Full_Name: Brandon Hume Version: 2.4.28 OS: RHEL EL6.1, kernel 2.6.32-131.12.1.el6.x86_64 URL: http://den.bofh.ca/~hume/ol_v3_fail_syslog.txt Submission from: (NULL) (2001:410:a010:2:223:aeff:fe74:400e) OpenLDAP 2.4.28 compiled with BerkeleyDB 5.2.36, attempting to configure for multi-master replication. Problems occurred with the second server complaining about operations errors while attempting to replicate the cn=config tree; I've been able to reproduce the problem from the command line using ldapsearch from the same compile. The host is RHEL 6.1 running inside VMWare. Version of OpenLDAP is 2.4.28, compiled with BerkeleyDB 5.2.36 (no patches available from Oracle at the time I downloaded). Configuration options used are visible in http://den.bofh.ca/~hume/config_ol_sh.txt The problem does *not* seem to be consistent, as *sometimes* it will work but most of the time not. I've run the example query once, had it fail, run it again immediately and had it succeed, and then again fail a dozen times in a row. Wireshark traces showed the connection was established using LDAPv3; putting the server in debug "Any" mode also confirms the same. The syslogs generated are viewable at http://den.bofh.ca/~hume/ol_v3_fail_syslog.txt I've compiled 2.4.27 with the same options and it *seemed* to behave, though I may have merely gotten lucky.
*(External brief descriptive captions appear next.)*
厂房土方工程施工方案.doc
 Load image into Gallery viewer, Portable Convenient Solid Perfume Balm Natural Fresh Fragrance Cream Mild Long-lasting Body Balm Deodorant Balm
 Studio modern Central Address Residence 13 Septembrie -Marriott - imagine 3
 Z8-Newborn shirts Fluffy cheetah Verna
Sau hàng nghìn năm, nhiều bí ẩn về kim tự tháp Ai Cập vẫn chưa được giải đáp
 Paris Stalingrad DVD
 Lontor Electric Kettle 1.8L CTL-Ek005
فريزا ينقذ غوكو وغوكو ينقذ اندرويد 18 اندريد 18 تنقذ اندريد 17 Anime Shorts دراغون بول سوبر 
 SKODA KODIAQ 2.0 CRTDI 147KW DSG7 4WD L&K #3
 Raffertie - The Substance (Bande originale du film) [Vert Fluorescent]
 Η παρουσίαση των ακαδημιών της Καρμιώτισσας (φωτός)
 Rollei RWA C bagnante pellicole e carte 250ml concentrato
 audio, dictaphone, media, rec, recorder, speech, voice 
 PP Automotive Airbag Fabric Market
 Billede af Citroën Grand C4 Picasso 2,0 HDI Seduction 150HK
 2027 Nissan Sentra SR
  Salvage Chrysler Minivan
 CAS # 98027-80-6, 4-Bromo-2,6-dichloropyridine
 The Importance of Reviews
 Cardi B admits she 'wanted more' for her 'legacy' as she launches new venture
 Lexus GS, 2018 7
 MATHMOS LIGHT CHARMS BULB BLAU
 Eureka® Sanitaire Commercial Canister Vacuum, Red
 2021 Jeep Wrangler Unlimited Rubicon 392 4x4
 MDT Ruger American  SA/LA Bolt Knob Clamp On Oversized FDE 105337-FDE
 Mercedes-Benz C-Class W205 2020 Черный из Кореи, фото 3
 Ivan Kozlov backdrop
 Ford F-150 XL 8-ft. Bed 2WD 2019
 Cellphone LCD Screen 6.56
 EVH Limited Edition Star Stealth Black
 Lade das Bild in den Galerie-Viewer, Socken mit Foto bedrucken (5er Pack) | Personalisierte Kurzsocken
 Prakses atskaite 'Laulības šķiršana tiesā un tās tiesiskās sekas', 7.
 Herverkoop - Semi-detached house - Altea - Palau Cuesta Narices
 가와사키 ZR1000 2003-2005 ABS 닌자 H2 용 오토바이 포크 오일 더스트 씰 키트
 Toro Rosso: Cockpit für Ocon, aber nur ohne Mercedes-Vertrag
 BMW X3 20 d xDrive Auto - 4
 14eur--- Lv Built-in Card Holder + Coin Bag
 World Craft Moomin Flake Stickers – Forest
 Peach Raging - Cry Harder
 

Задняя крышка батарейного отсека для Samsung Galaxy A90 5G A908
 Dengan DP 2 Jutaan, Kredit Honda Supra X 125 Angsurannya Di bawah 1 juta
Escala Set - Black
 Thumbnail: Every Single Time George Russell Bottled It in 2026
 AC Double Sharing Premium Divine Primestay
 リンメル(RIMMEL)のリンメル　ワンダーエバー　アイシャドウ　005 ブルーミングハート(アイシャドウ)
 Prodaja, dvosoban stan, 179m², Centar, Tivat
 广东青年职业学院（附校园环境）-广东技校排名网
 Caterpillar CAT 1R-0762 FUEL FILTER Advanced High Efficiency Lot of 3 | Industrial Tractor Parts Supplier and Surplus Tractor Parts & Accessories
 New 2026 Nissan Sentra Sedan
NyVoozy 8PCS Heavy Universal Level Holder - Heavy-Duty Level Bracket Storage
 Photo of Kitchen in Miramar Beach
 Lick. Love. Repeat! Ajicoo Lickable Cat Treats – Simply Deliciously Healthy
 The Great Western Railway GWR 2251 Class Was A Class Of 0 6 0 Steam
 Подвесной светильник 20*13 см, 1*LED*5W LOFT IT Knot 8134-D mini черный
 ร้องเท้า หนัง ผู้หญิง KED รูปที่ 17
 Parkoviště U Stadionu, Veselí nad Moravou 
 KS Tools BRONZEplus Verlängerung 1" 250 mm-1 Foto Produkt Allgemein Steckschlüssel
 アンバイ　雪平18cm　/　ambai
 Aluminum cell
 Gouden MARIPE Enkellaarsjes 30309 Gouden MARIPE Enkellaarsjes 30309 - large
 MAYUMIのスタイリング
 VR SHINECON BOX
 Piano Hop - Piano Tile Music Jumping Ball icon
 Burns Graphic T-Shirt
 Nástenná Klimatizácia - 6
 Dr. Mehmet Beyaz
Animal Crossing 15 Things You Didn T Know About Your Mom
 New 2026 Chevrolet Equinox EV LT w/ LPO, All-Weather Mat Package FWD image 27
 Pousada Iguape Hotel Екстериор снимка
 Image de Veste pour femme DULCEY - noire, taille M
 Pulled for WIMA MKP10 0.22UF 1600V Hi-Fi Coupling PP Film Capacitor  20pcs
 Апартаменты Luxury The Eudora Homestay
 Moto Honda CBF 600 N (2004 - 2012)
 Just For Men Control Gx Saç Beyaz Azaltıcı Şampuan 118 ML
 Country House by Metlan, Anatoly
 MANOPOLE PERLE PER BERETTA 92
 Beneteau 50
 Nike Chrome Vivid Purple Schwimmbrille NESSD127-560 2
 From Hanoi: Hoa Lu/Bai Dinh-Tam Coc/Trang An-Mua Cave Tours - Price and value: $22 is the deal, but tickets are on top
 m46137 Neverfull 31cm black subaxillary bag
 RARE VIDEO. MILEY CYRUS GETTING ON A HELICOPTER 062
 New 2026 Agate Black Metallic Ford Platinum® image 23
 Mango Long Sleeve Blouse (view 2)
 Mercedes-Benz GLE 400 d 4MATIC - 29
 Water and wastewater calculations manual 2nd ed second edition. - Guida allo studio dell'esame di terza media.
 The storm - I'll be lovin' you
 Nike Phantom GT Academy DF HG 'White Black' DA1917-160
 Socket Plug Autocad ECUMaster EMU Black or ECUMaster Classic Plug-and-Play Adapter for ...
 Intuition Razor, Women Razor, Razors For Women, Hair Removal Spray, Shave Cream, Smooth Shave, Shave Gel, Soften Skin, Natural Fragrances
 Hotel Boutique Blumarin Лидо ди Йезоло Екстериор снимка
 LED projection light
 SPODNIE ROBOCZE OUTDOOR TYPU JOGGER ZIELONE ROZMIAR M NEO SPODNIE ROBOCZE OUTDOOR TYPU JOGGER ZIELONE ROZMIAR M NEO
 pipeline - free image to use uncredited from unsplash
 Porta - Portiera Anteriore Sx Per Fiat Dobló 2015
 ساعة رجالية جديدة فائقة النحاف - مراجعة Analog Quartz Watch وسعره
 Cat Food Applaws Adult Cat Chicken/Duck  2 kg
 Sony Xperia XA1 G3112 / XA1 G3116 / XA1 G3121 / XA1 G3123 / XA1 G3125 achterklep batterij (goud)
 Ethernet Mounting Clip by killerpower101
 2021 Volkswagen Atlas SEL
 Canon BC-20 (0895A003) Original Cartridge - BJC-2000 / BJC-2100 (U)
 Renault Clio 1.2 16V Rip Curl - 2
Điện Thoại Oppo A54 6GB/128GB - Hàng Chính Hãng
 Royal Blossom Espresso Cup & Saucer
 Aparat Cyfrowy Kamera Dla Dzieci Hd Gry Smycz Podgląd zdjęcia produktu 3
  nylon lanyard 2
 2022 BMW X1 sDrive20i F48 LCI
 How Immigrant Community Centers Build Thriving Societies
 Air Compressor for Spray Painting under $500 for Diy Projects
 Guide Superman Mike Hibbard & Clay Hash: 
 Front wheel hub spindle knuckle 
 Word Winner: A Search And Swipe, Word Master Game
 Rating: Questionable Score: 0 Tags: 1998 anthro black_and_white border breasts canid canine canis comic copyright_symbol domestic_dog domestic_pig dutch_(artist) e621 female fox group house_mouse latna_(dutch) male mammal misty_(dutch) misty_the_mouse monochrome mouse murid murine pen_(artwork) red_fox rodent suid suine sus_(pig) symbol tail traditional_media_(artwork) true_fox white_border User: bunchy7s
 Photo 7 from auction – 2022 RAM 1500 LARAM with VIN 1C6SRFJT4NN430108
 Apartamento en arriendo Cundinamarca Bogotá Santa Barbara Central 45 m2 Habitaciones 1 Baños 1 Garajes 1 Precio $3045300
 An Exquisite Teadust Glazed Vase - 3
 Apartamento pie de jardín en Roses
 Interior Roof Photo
Example ldapsearch invocation: $ /appl/ldap/bin/ldapsearch -x -D 'cn=config' -h kil-ds-3.its.dal.ca -b cn=config -w bindpass -s sub -E sync=rp -e manageDSAit 'objectclass=*' # extended LDIF # # LDAPv3 # base <cn=config> with scope subtree # filter: objectclass=* # requesting: ALL # with manageDSAit control # # search result search: 2 result: 2 Protocol error text: controls require LDAPv3 # numResponses: 1 ldap_result: Can't contact LDAP server (-1) These servers are not yet in production and I have ~two weeks to play and tweak to generate more debugging information if you'd find it useful.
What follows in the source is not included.